= Aim of the task =
Below are the entries; give again exactly the lines from the one mentioning "CC original lambskin" through the one mentioning "HomeRoots 10' Stylish", inclusive.

= Information shown =
****************

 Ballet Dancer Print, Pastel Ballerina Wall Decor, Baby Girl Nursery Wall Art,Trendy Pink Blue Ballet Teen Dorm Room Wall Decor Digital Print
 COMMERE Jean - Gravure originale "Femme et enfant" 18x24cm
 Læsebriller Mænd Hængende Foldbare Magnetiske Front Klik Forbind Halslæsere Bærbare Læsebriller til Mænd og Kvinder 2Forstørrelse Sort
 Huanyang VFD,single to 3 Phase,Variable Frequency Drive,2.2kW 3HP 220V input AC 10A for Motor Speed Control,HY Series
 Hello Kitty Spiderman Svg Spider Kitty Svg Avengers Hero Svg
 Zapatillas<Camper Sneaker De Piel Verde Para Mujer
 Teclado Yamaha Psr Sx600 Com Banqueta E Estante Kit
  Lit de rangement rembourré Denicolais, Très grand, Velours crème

****************

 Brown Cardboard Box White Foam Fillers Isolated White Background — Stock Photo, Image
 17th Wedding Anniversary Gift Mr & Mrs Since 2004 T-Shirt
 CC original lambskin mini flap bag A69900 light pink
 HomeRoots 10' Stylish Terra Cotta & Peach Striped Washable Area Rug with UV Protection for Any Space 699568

****************

= Reply to the exercise =
 CC original lambskin mini flap bag A69900 light pink
 HomeRoots 10' Stylish Terra Cotta & Peach Striped Washable Area Rug with UV Protection for Any Space 699568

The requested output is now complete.